En esto del deseo, no estamos solos...

En esto del deseo, no estamos solos…

Pero, ¿cómo fue que llegamos a Taganga? Casi de casualidad, luego de una ida frustrada, y otra realizada, al Parque Tayrona. Desde Santa Marta junto a unos amigos de Mariano que habían llegado de vacaciones, y cuyas identidades no puedo revelar, nos hicimos de todas las provisiones de latas y agua suficientes para pasar algunos días en el famoso Parque Nacional. Nos tomamos un bus en el Mercado que por 6 mil pesos nos dejó en la entrada sobre la ruta. La lluvia torrencial había acompañado los últimos kilómetros del viajecito, de casi una hora. Esperamos un largo rato bajo el techo de uno de los restoranes y el clima no dio indicios de querer mejorar. Los que venían saliendo del parque, con caras largas de fastidio y cansancio nos decían en un argentino básico “ni vayan, yo me quiero ir a la m…”, les había llovido todo el tiempo, estaban empapados y embarrados. Pegamos la vuelta. Al día siguiente el sol radiante en la Costa nos convenció de hacer un nuevo intento con el Parque. Esta vez, a pesar que lloviznaba al llegar a la entrada, nos mandamos igual.

El ingreso, a pocos metros de la ruta, es un control donde hay que registrarse con nombre y nacionalidad, y pasar por la evaluación de los materiales… Nosotros entrábamos caminando y nos reprobaron el agua en bolsa plástica y el cuatro. Las bolsas plásticas no están permitidas y los instrumentos musicales “alteran los hábitos del ecosistema”. Al agua tuvimos que repartirla en botellas de plástico (igualmente contaminantes, no? «pero reutilizables» me retrucó el guardia mientras a mí me subía la bilirrubina). El tema es que los que entran en transportes contratados desde las ciudades vecinas, como bajan a registrarse dejando el equipaje en el vehículo, pasan con todos los elementos que quieran. Algunos metros más adelante está la boletería donde tuvimos que dejar dolorosos 37 mil pesos cada uno. de un tiempo a esta parte el Gobierno Colombiano negoció sus Parques Nacionales con empresas extranjeras, algunos son más rentables que otros. Los menos rentables, quedaron en manos oficiales y son los gratuitos (los menos), otros tantos, como el Tayrona son más vendibles y por ende bien explotados.

El Parque Tayrona es un amplia área de 15 mil hectáreas entre mar y tierra firme donde se puede tener una muestra de la mundialmente reconocida y vasta biodiversidad colombiana.
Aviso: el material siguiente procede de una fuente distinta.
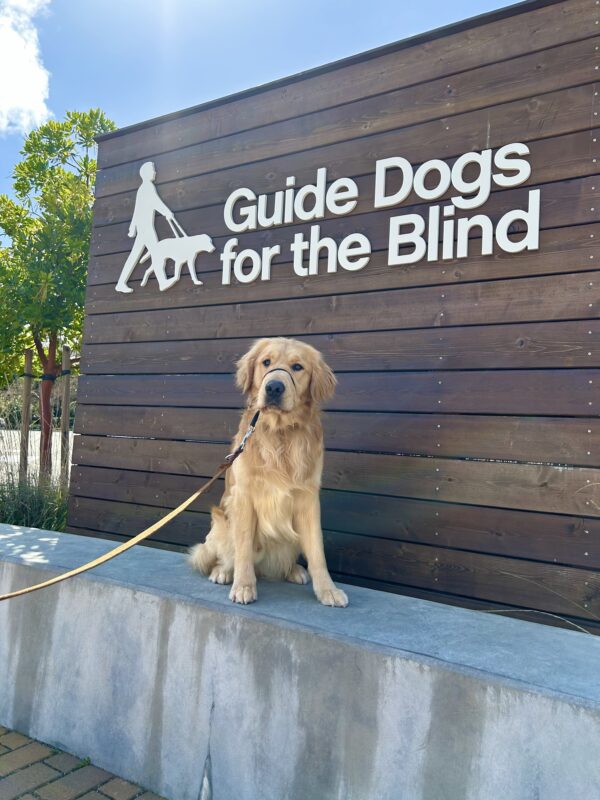 Male long coated Golden Retriever Labrador Retriever cross Saxon poses in front of a wooden sign bearing Guide Dogs for the Blind's logo. He is sitting looking off camera and wearing a Gentle Leader.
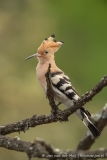 Hop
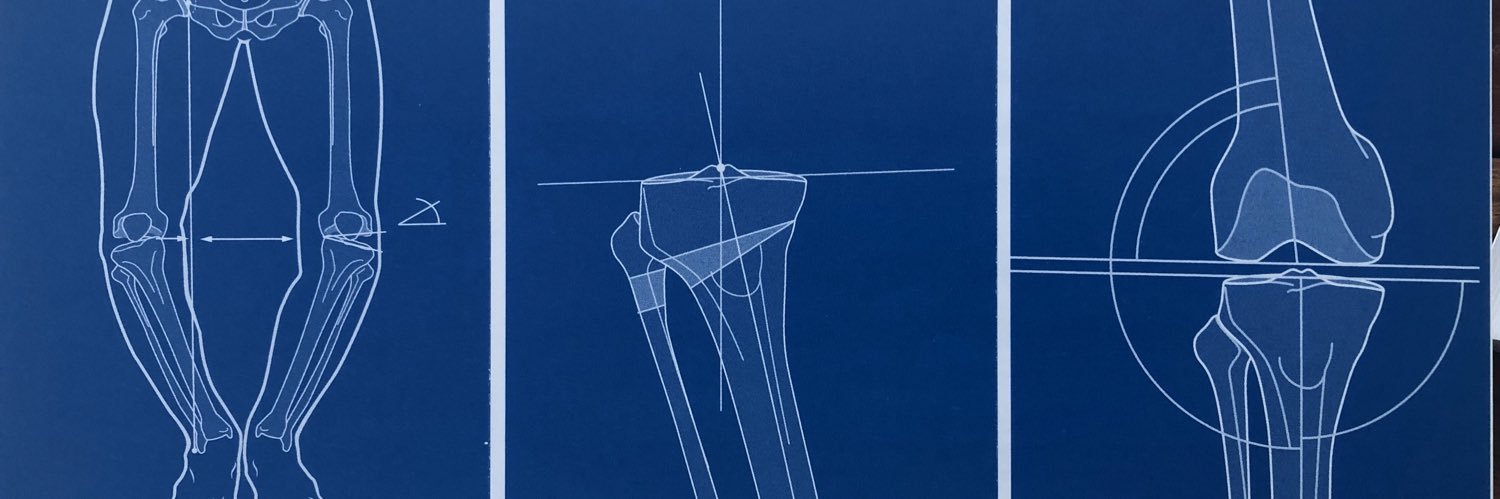 Jesús Alfaro-Adrián banner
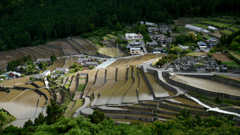 Shimizu Tanada(Rice terraces) 2010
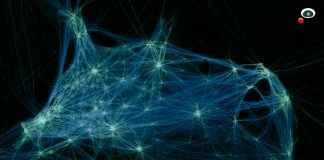 The World’s First Decentralized Online search engine for Web3 to Be Gone For the Blockchain Conference in Lisbon The World’s First Decentralized Online search engine for Web3 to Be Gone For the Blockchain Conference in Lisbon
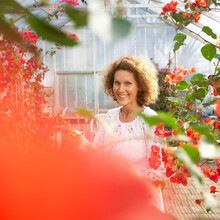 Glasshouse for the flowers and herbs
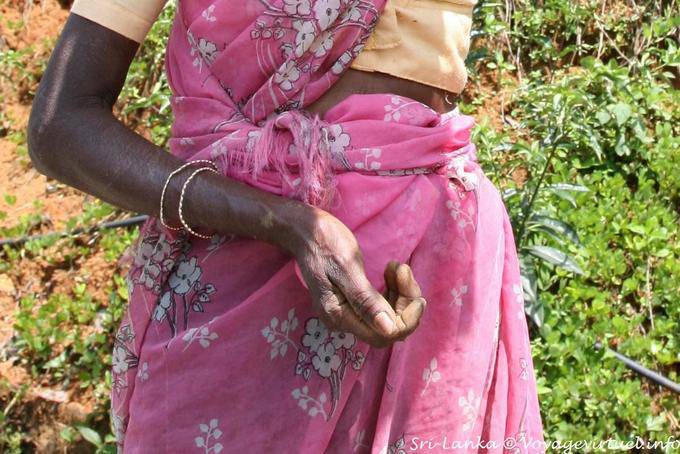 The hand of the poor worker, Kalugala - Sri Lanka Ceylon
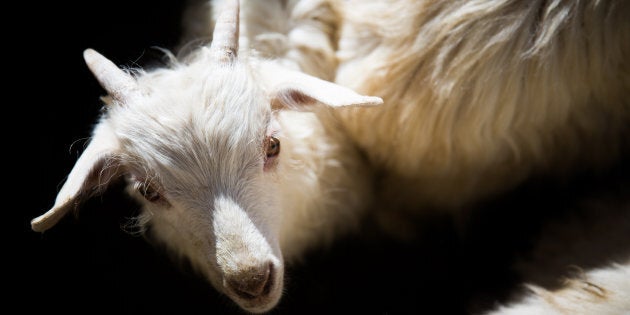 A small pashmina goat looking in our direction.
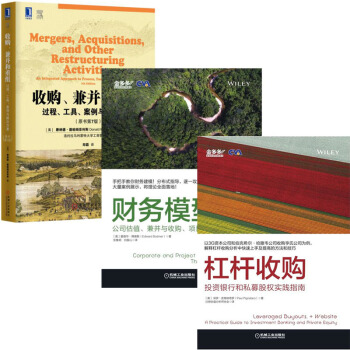 杠杆收購 投資銀行和私募股權實踐指南+財務模型：公司估值、兼並與收購項目融資+收購兼並和重組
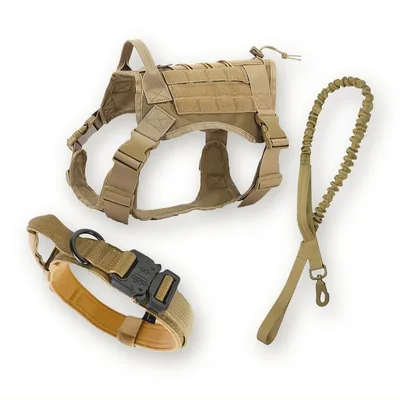 Tactical Dog Kit: Harness, Collar and Bungee Leash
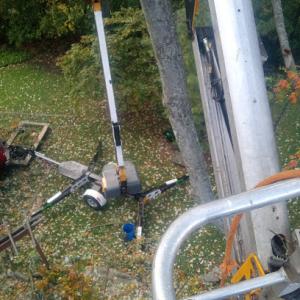 Cut Wood Tree Service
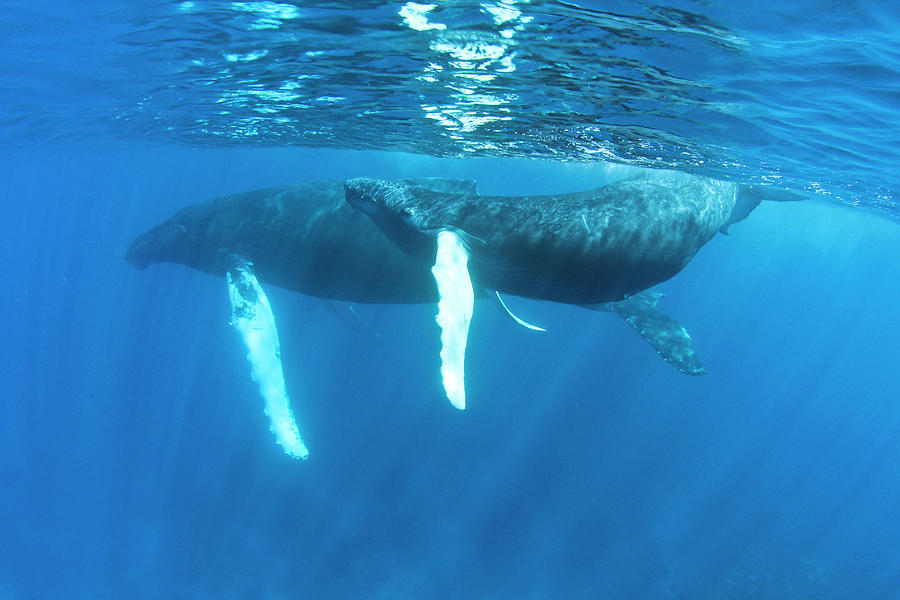 Humpback Whales Of The Silver Bank Photograph by Maya de Almeida Araujo ...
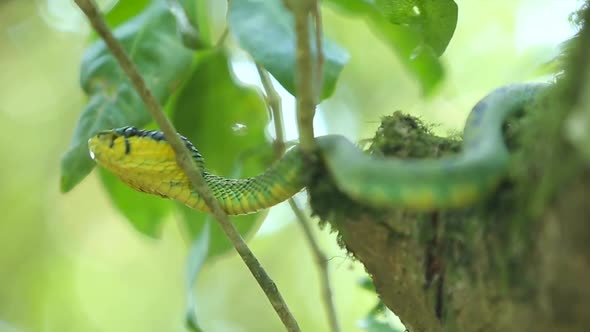 Sri Lankan green pit viper Craspedocephalus trigonocephalus Ceylon pit viper green snake endemic pet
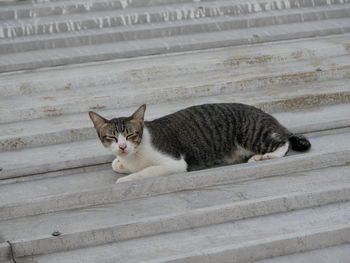 Portrait of cat relaxing on wood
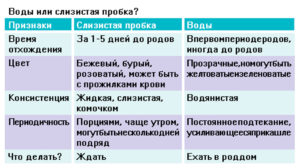 Если отошли воды сколько до родов времени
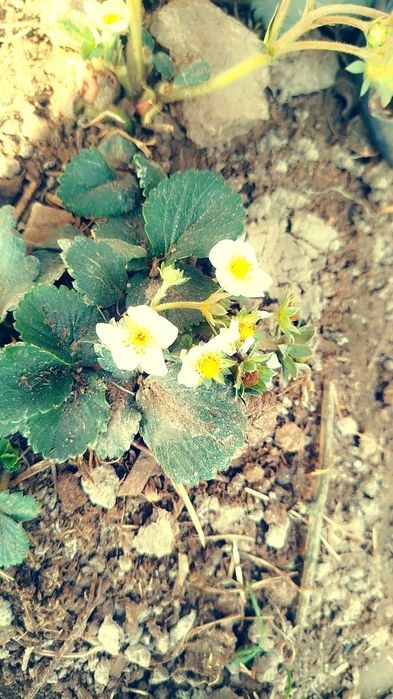 12 ой хосил берувчи кулупнай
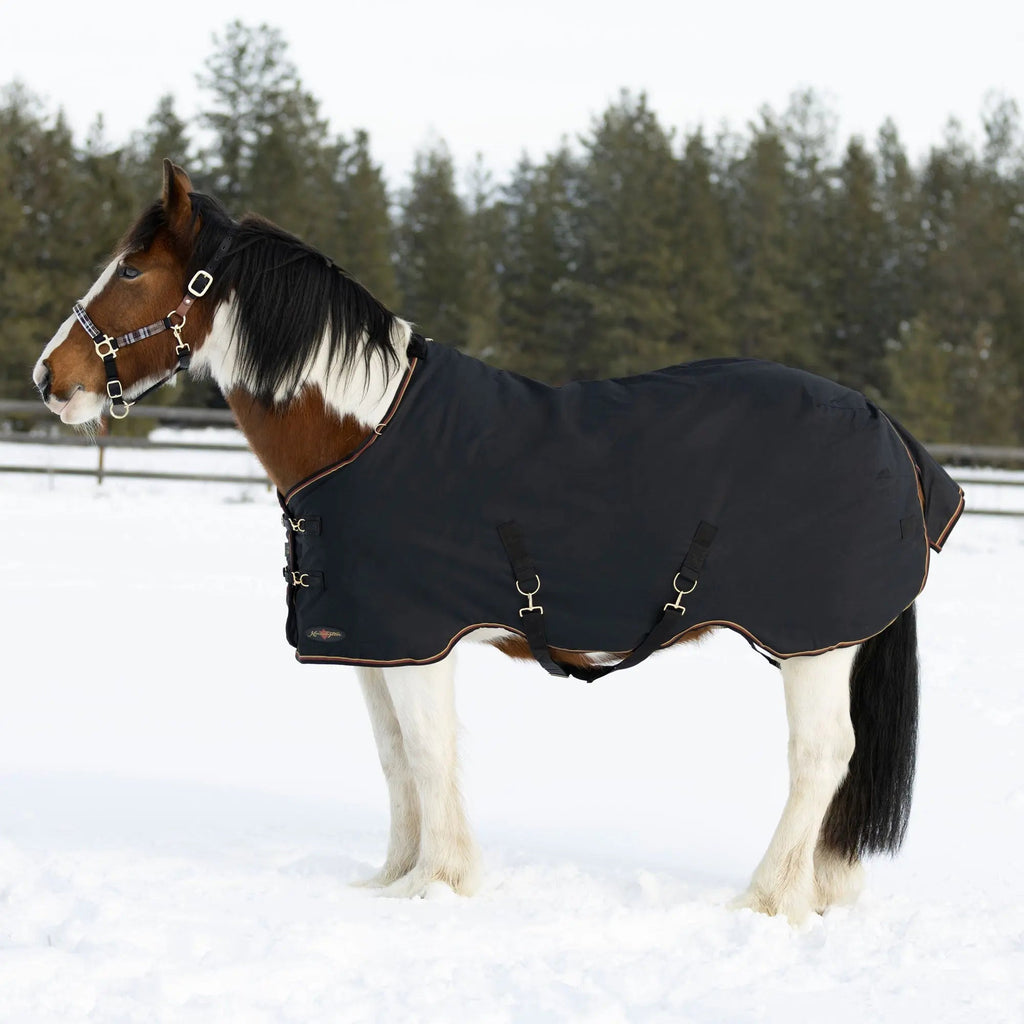 Draft Horse Heavyweight 300g Winter Turnout Blanket - Waterproof & Breathable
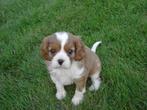 Cavalier King Charles Spaniel pups, België, Overige rassen, CDV (hondenziekte), 8 tot 15 weken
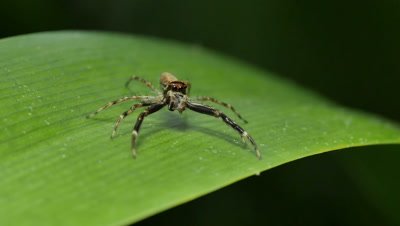 Spider macro 1 of 3 - Aussie Bronze Jumper - Helpis minitabunda - Salticidae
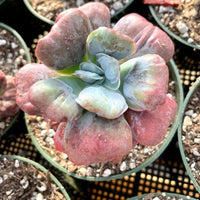 Rare Succulents - Echeveria Heart Delight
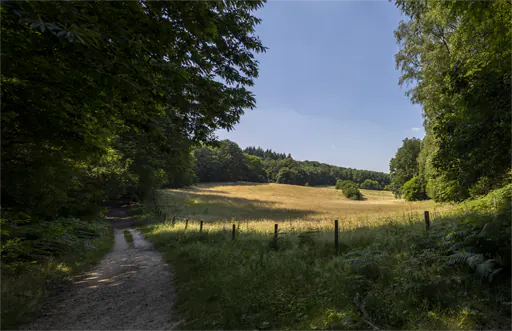 Ein Blick über die Elysäischen Felder zwischen Beek & Berg en Dal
En tierra, los manglares y otras muchas y misteriosas plantas, son hogar de aves curiosas y de sonidos únicos. Aquí la belleza de este lugar, ya que para llegar a cualquiera de los puntos playeros o de alojamiento hay que caminar y caminar en medio del bosque. Les sugiero que guarden los auriculares para otro momento, porque este paseo tiene su propia banda de sonidos y estímulos.

Tomamos el sendero de Arrecifes, que lleva a varios lugares de camping luego de algo más de una hora caminando entre el bosque tropical y visitando algunas playas. La lluvia de los días previos hacía del barro un protagonista líder e incluso buena parte del sendero final estaba directamente bajo el agua, con lo que es recomendable llevar calzado adecuado y pantalones cortos. O mojarse sin chistar!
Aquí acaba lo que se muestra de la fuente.